Three-dimensional magnetic fields producing non-resonant magnetic braking allow control of the plasma rotation profile, $\omega_{\varphi}$, in tokamaks. Experimental angular momentum alteration created by 3D field configurations with dominant $n = $ 2 and $n$~$=$~3 components in NSTX is compared to theoretical neoclassical toroidal viscosity (NTV) torque density profiles, $T_{NTV}$. Large radial variations of $T_{NTV}$ are typically found when flux surface displacements are computed using ideal MHD assumptions. In contrast, experimentally measured $T_{NTV}$ does not show strong torque localization.
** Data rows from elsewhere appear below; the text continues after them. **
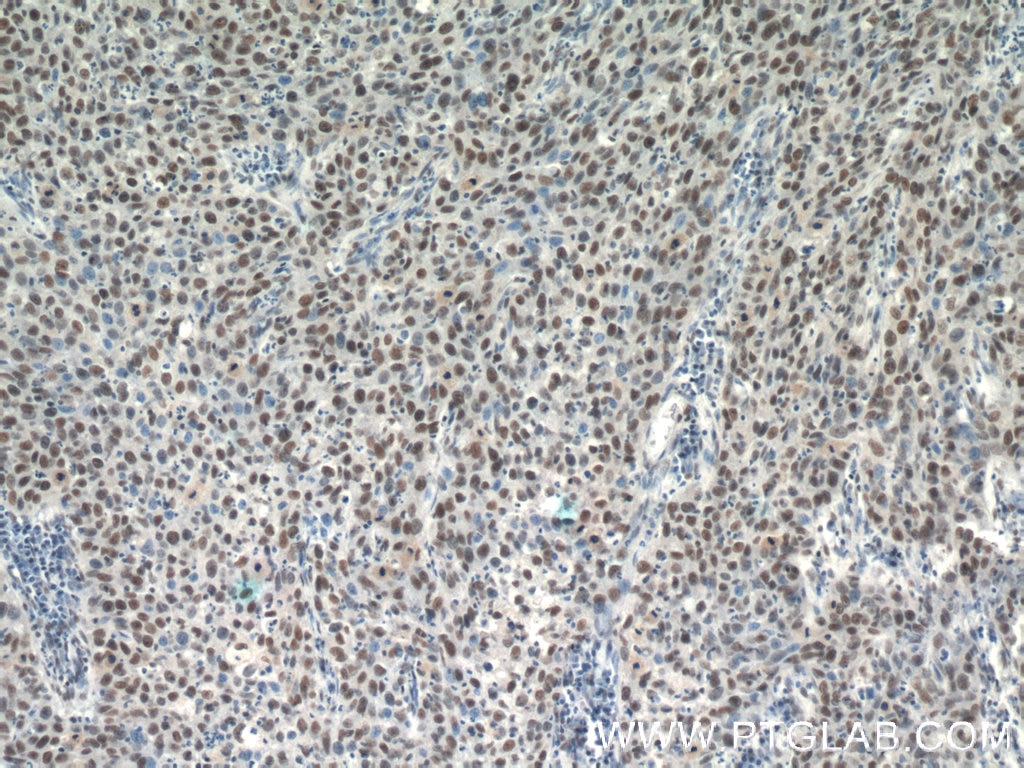 Immunohistochemistry (IHC) staining of human cervical cancer tissue using SNRPB Polyclonal antibody (16807-1-AP)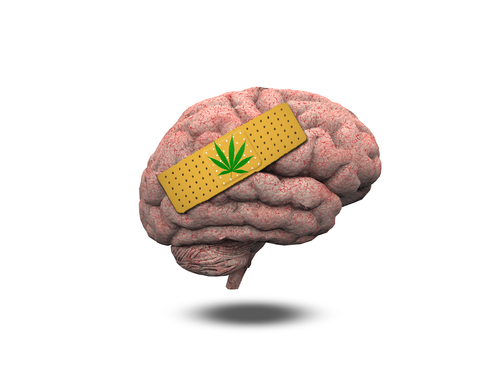How Does Marijuana Affect the Brain?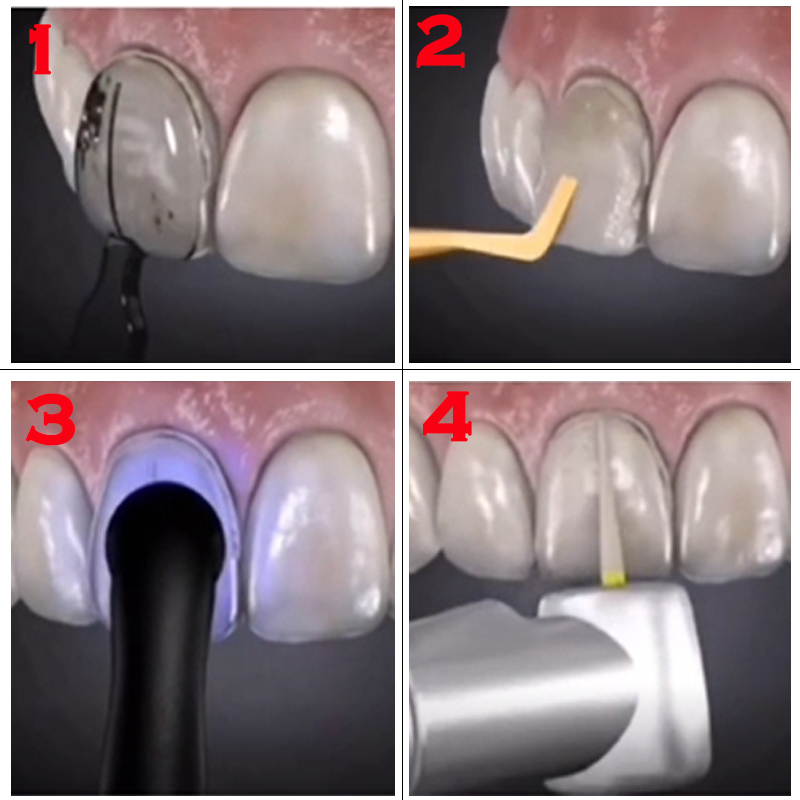 Forma dentystyczna do licówek  – Teeth Whitening Veneers recenzja i cena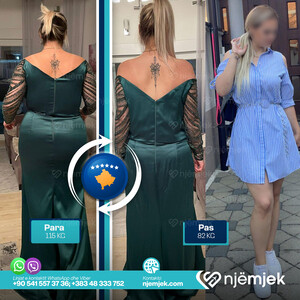 Para & Pas Obezitet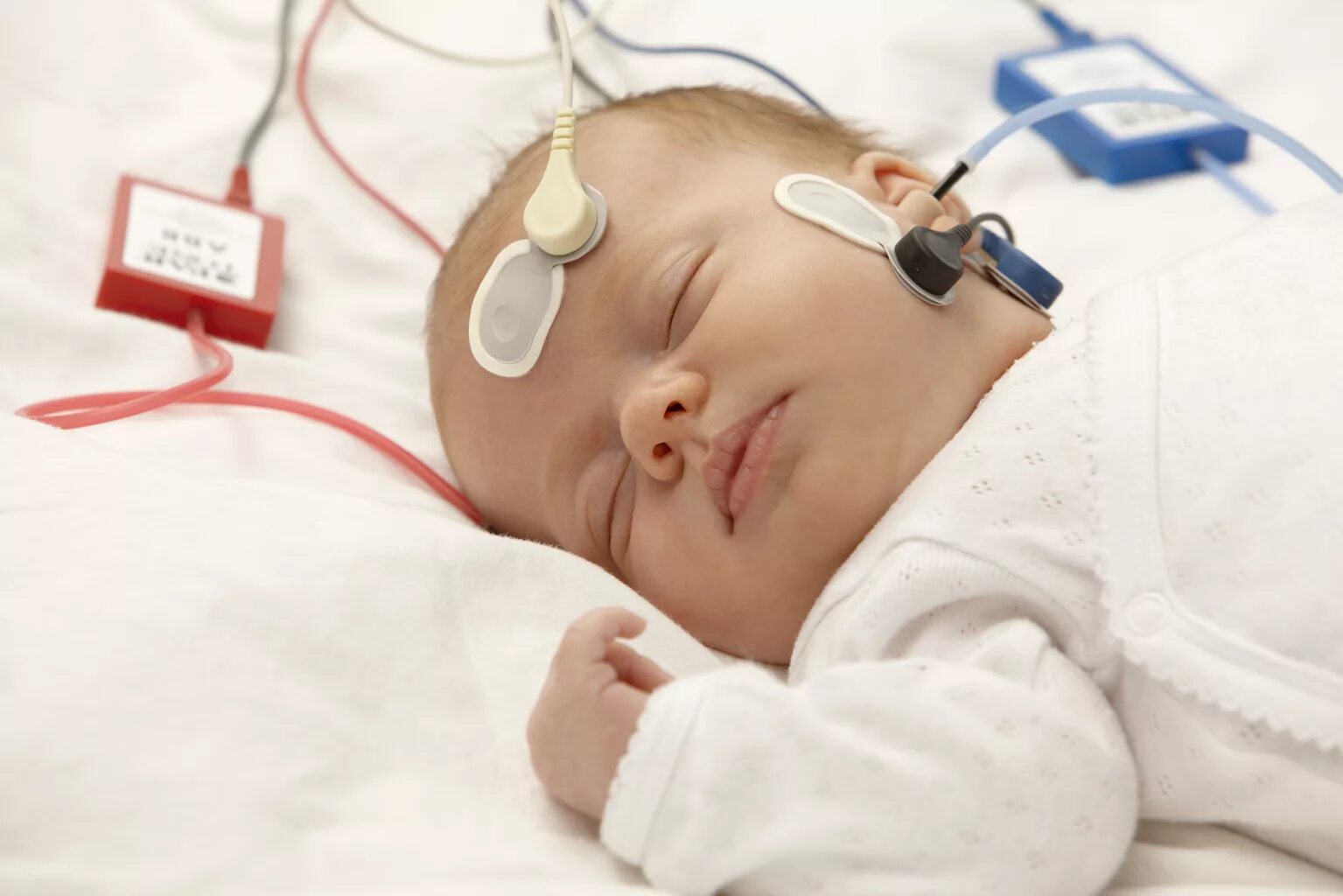 Прибор отоакустической эмиссии. Мелфон КСВП. КСВП исследование слуха у ребенка. Аудиологический скрининг новорожденных аппарат. Условно-рефлекторная аудиометрия.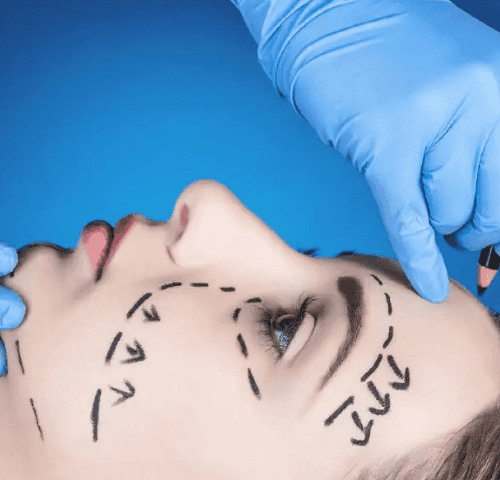 Everything You Need to Know About Plastic Surgery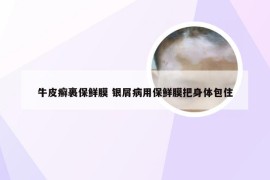 牛皮癣裹保鲜膜 银屑病用保鲜膜把身体包住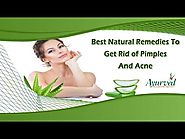 Best Natural Remedies To Get Rid of Pimples And Acne
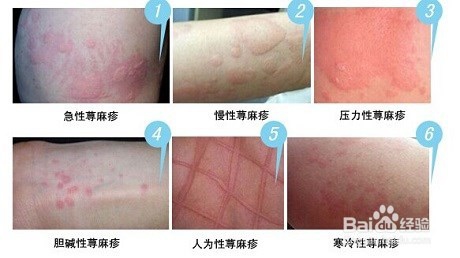 丘疹的治疗方法图片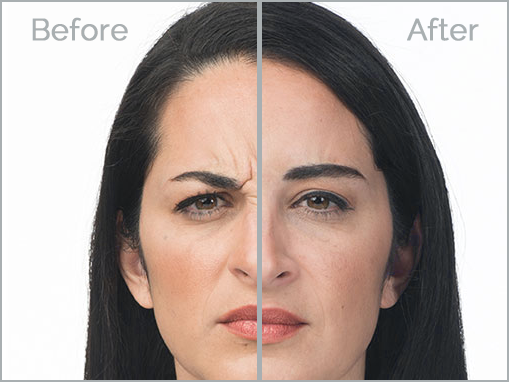 botox-2
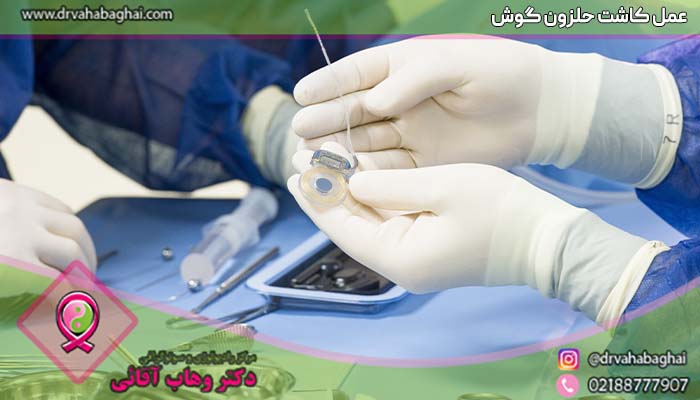 عمل کاشت حلزون گوش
This may be explained by ion banana width orbit-averaging effects. A favorable characteristic for $\omega_{\varphi}$ control clearly illustrated by KSTAR experiments is the lack of hysteresis of $\omega_{\varphi}$ when altered by non-resonant NTV. Results from a model-based rotation controller designed using NBI and NTV from the applied 3D field as actuators are shown. The dependence of $T_{NTV}$ on $\delta $\textbf{\textit{B}}$^{2}$ significantly constrains the allowable field amplification in plasma response models when compared to experiment. Initial analysis shows that the single fluid model in the M3D-C$^{1}$ resistive MHD code produces a flux surface-averaged $\delta $\textbf{\textit{B}} consistent with the experimentally measured $T_{NTV}$.